- **Assignment**: What is needed is an exact repeat of the lines from the one holding "LaparoAnalytic is an" through the final line of the data, with no pictures.

- **Source data**:
BEGIN

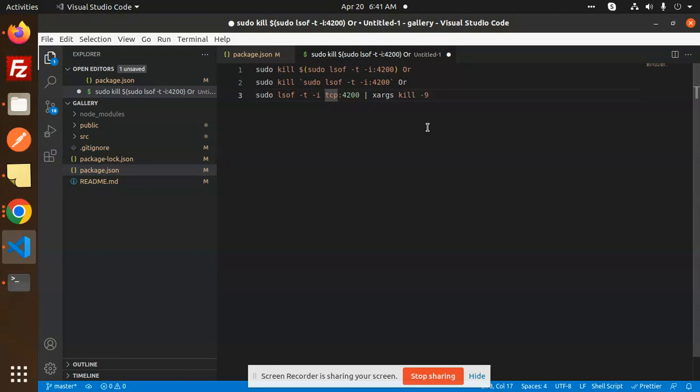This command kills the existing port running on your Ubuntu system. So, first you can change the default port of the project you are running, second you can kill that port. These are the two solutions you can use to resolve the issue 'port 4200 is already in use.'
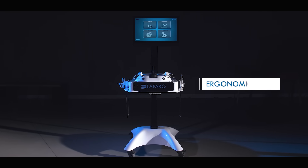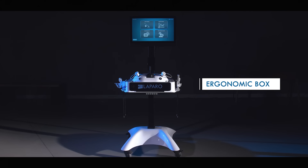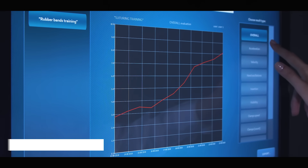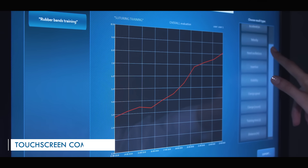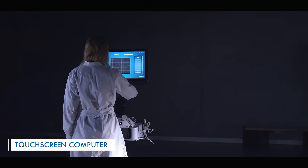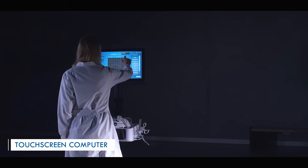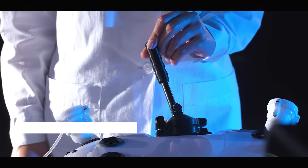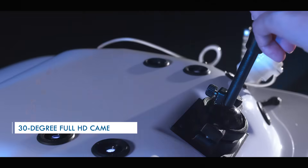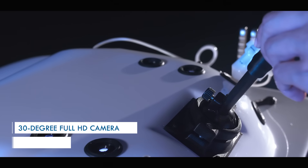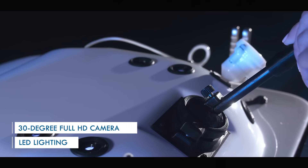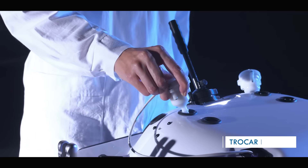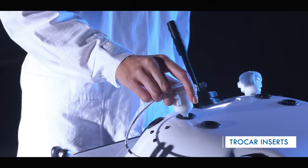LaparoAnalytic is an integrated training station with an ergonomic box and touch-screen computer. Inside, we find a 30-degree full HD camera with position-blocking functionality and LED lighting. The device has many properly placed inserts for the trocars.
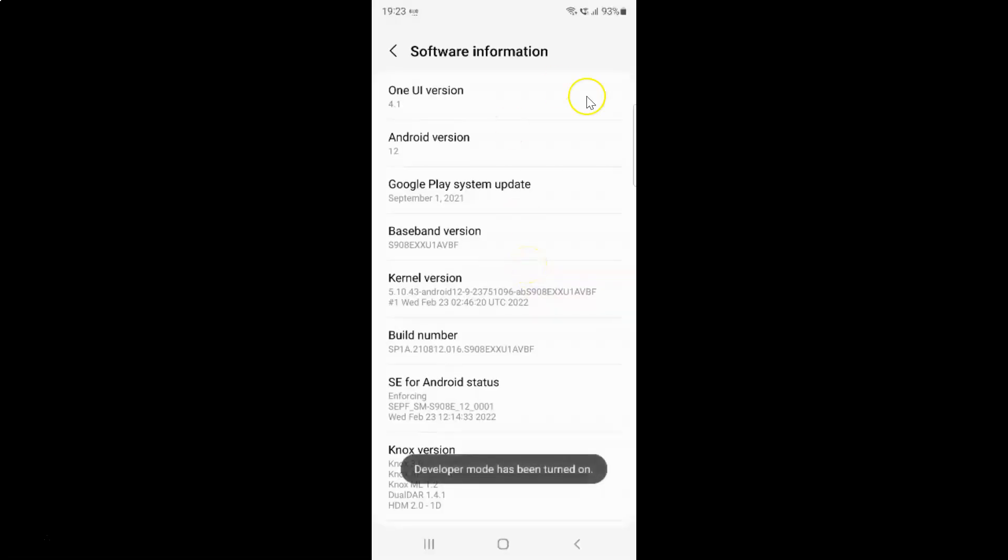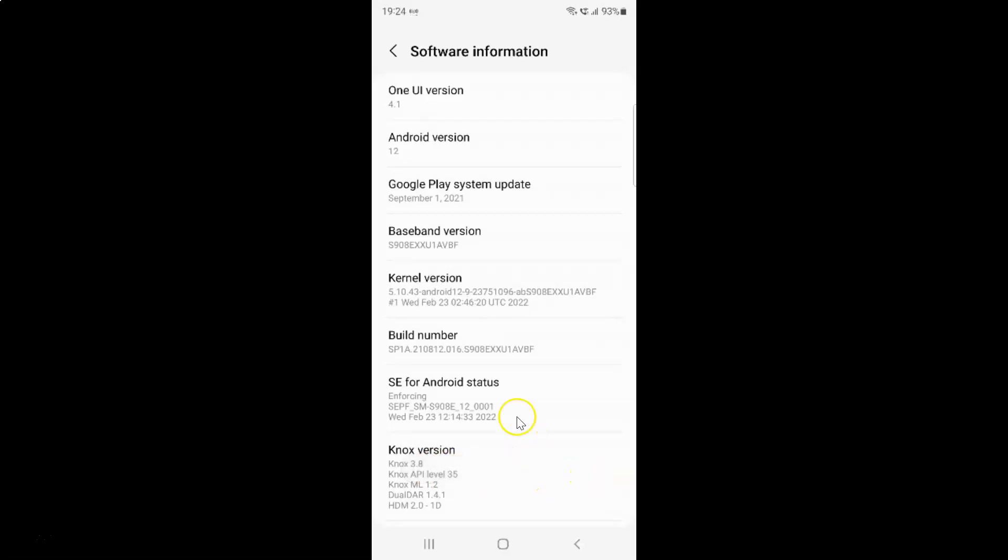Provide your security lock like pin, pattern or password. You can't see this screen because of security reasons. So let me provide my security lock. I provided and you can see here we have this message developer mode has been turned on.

END

- **Task output**:
LaparoAnalytic is an integrated training station with an ergonomic box and touch-screen computer. Inside, we find a 30-degree full HD camera with position-blocking functionality and LED lighting. The device has many properly placed inserts for the trocars.
Provide your security lock like pin, pattern or password. You can't see this screen because of security reasons. So let me provide my security lock. I provided and you can see here we have this message developer mode has been turned on.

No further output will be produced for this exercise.